Amazon and the New York Labor Group have agreed on a March election date.Amazon and the New York Labor Group have agreed on a March election date.

Amazon employees at two different warehouse facilities may now vote in a union election. On Wednesday, the Amazon Labor Union said that it had reached an agreement with the e-commerce giant to hold an in-person election from March 25 to March 30 at a Staten Island warehouse known as JFK8. On March 28, the election will take place as ballots are tabulated in a separate union election in Bessemer, Alabama. Vote-by-mail ballots are now being used in Alabama.

The ALU, a newly formed labor organization, led by current and former Amazon employees, is also attempting to represent employees at another Staten Island plant. No Amazon warehouses in the United States are unionized, and workers at the Alabama warehouse rejected the Retail, Wholesale, and Department Store Union in a prior ballot.

“Note the anniversary of the Walkout 2 Years ago,” stated ALU organizer Christian Smalls on Twitter, announcing the election dates. Smalls and other Amazon workers opposed COVID-19 safeguards at the warehouse in 2020. However, when Amazon advised him to quarantine for exposure to the virus, he was dismissed for attending the outdoor event.
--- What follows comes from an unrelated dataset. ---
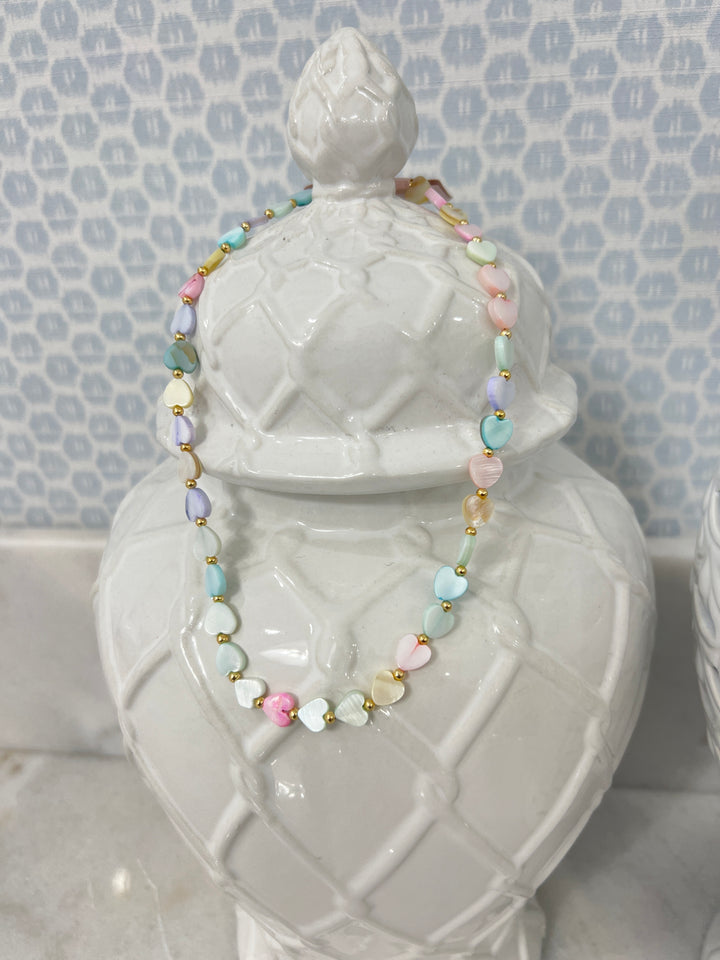 Multi Heart Stone Necklace - Pastel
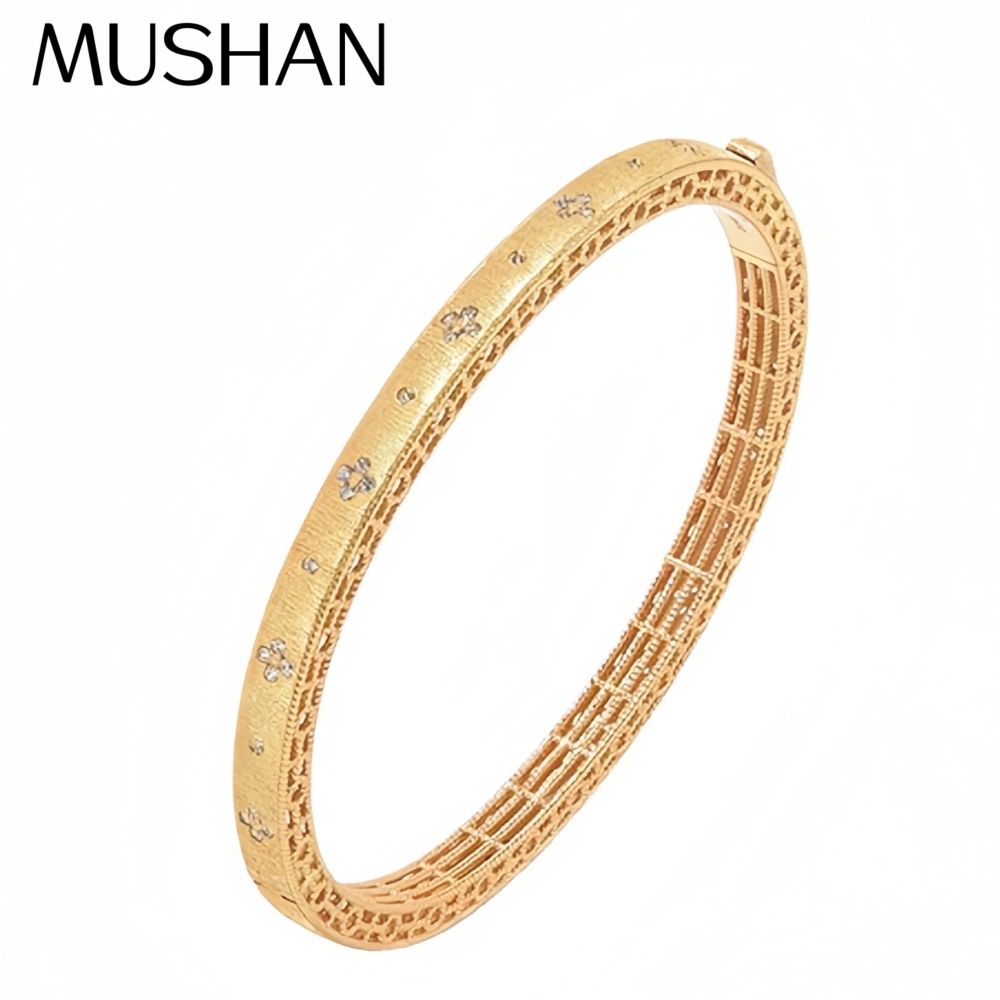 Mushan Luxury Brand Four Leaf Clover Ltalian Brushed Gold Craft Bangle 18K Gold Plated 925 Sterling Silver Bangles Fine Jewelry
Amazon spokeswoman Kelly Nantel said the company is “skeptical” that the petition for the election had enough signatures. “However, now that the NLRB has agreed to hold the election, we want our employees’ opinions to be heard as quickly as possible,” Nantel added. “Our employees have always had the option of joining a union, and our focus remains on working directly with our team to make Amazon a wonderful place to work,” says the company.

A request for comment from the NLRB was not immediately returned. The agreement comes as Amazon faces criticism over its treatment of warehouse employees and drivers, and other large Seattle-based firms, such as Starbucks and REI, face union organizing attempts.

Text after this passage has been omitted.